_GOAL OF THE EXERCISE:_
Go to the line holding "Rented by Highline Residential" in the data below and repeat it exactly, then each line after it up to and including the one holding "27-16 23rd Avenue, Astoria, New". Omit pictures.

_DATA EXCERPTS:_

<<<<

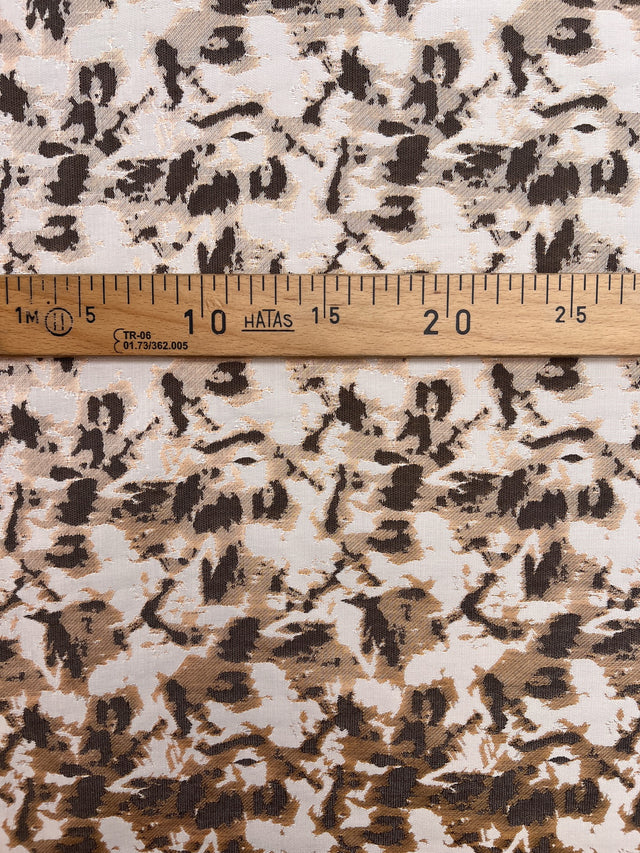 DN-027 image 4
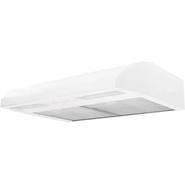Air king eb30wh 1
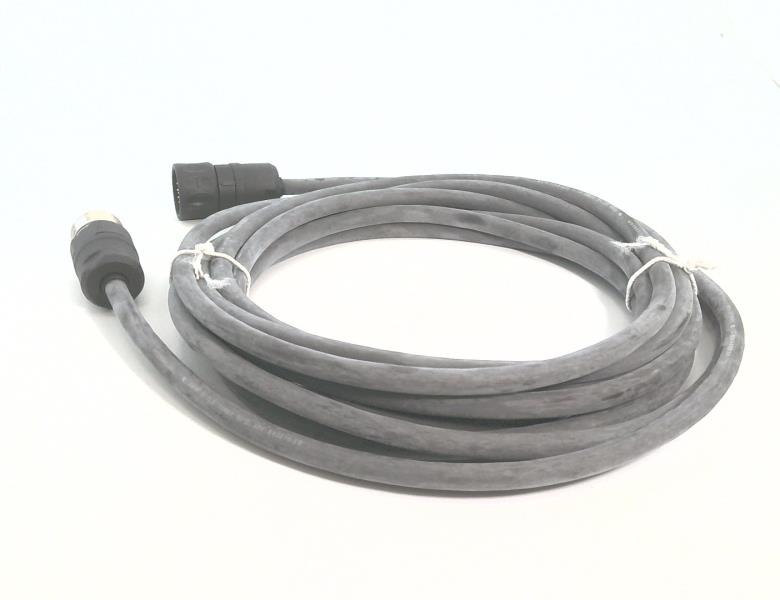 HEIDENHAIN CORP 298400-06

>>>>
<<<<

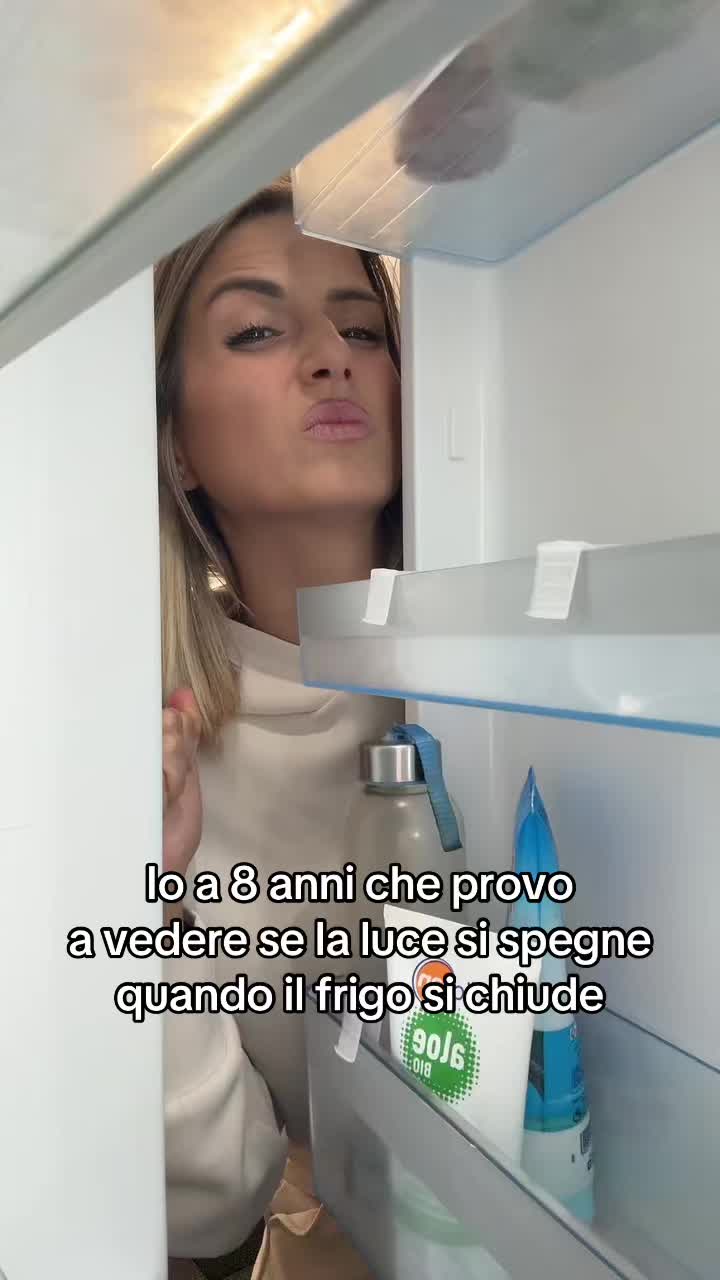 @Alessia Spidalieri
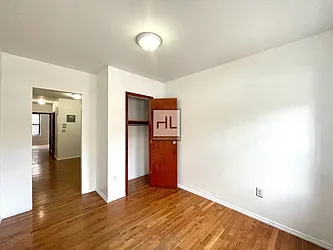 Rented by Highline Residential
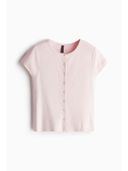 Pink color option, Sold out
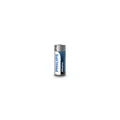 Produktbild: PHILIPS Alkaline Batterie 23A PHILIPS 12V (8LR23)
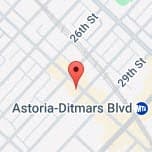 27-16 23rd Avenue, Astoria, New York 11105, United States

>>>>

_RESULT OF THIS EXERCISE:_
 Rented by Highline Residential
 Pink color option, Sold out
 Produktbild: PHILIPS Alkaline Batterie 23A PHILIPS 12V (8LR23)
 27-16 23rd Avenue, Astoria, New York 11105, United States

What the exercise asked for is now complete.